→ **Saved data entries**
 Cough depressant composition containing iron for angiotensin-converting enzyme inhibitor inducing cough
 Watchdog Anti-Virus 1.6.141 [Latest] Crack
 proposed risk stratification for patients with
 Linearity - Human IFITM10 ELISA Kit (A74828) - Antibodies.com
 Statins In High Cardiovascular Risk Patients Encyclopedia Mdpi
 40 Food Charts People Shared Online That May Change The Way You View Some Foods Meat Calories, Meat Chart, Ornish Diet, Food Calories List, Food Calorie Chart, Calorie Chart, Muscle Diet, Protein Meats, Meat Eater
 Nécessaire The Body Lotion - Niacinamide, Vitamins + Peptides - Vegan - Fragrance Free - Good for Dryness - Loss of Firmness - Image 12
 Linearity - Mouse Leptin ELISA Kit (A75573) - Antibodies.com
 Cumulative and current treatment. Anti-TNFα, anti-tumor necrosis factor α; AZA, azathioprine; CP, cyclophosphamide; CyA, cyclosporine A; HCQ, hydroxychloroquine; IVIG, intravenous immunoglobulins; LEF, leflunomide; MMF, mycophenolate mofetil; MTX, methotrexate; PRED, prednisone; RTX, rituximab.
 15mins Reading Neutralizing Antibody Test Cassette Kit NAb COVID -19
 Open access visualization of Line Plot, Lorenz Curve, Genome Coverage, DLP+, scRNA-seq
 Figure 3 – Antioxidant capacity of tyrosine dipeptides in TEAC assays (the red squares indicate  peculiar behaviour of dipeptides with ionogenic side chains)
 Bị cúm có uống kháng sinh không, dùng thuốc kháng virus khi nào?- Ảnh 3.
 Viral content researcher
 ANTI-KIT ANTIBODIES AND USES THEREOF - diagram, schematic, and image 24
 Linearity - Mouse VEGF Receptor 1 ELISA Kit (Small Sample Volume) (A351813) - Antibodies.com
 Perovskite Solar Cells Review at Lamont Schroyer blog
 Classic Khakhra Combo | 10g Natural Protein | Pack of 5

→ **Exercise instructions**
Nothing but the lines from the one containing "Open access visualization" through the final line of the data above is to be reproduced, each exactly as written.

→ **Completed task**
 Open access visualization of Line Plot, Lorenz Curve, Genome Coverage, DLP+, scRNA-seq
 Figure 3 – Antioxidant capacity of tyrosine dipeptides in TEAC assays (the red squares indicate  peculiar behaviour of dipeptides with ionogenic side chains)
 Bị cúm có uống kháng sinh không, dùng thuốc kháng virus khi nào?- Ảnh 3.
 Viral content researcher
 ANTI-KIT ANTIBODIES AND USES THEREOF - diagram, schematic, and image 24
 Linearity - Mouse VEGF Receptor 1 ELISA Kit (Small Sample Volume) (A351813) - Antibodies.com
 Perovskite Solar Cells Review at Lamont Schroyer blog
 Classic Khakhra Combo | 10g Natural Protein | Pack of 5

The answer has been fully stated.